(Scraped caption text data)
= = = = =

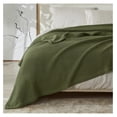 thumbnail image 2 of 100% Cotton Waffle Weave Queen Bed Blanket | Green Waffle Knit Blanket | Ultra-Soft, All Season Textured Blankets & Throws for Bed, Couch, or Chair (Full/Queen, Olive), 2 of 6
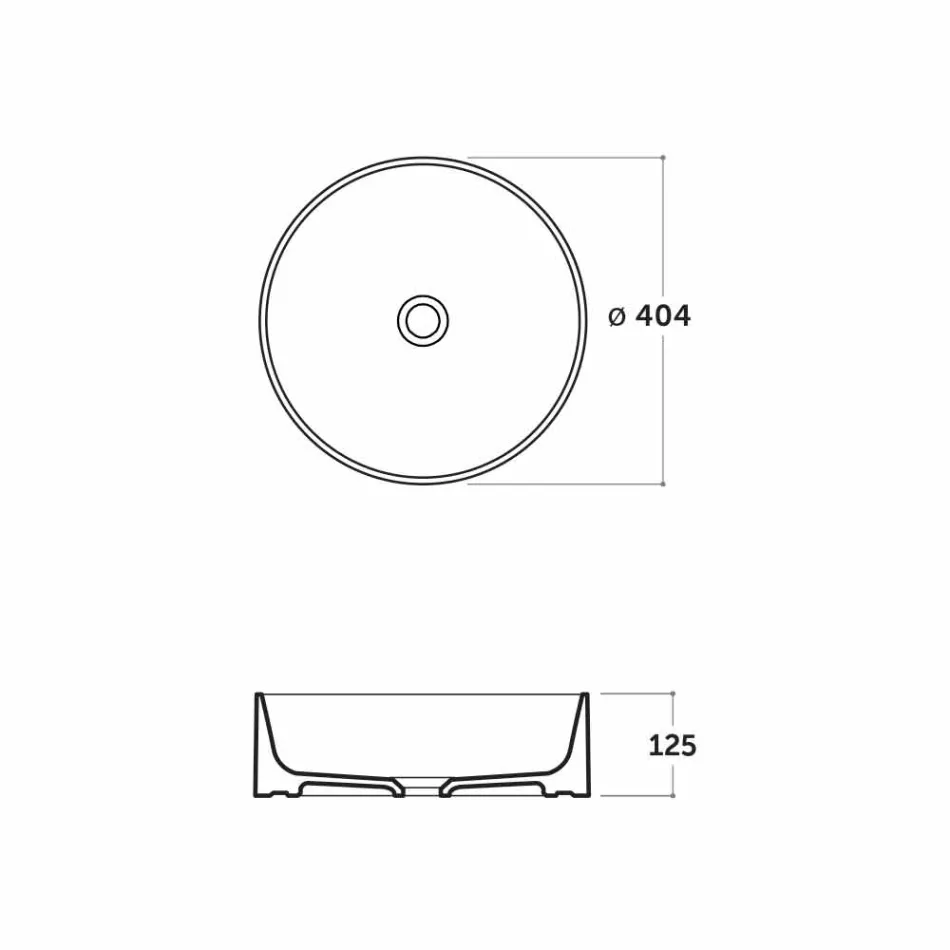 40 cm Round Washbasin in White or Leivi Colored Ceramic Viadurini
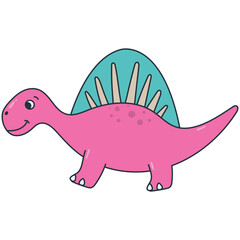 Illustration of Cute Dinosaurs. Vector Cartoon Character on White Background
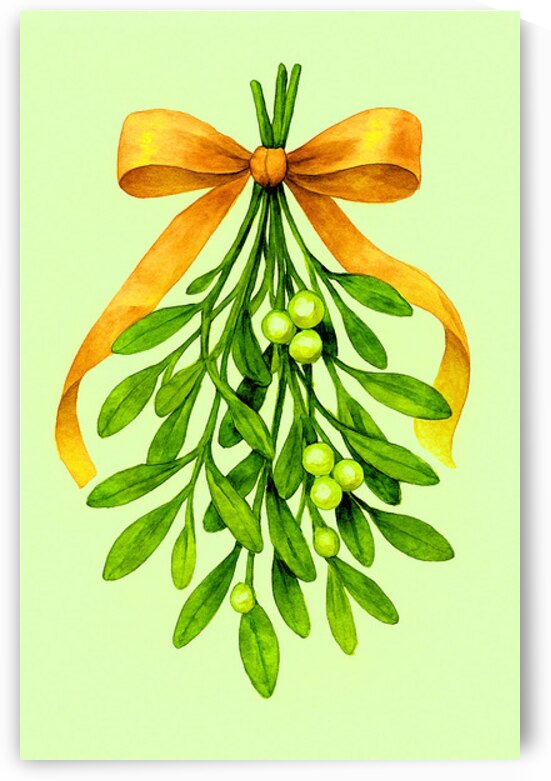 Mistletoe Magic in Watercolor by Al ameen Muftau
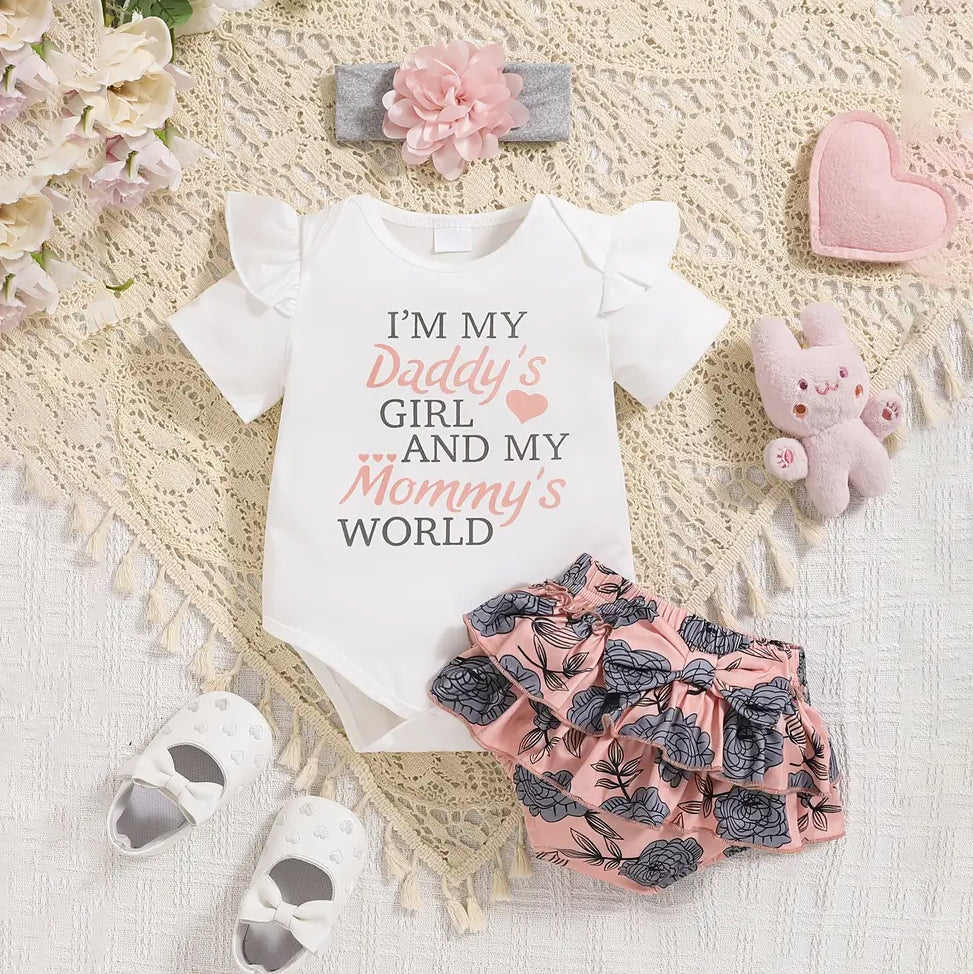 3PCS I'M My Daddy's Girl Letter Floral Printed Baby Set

= = = = =

## Problem statement
In the data, the line that contains "Illustration of Cute" begins the part to write out; restate it and each line after it word for word through the end, with no pictures.

## Exercise response
 Illustration of Cute Dinosaurs. Vector Cartoon Character on White Background
 Mistletoe Magic in Watercolor by Al ameen Muftau
 3PCS I'M My Daddy's Girl Letter Floral Printed Baby Set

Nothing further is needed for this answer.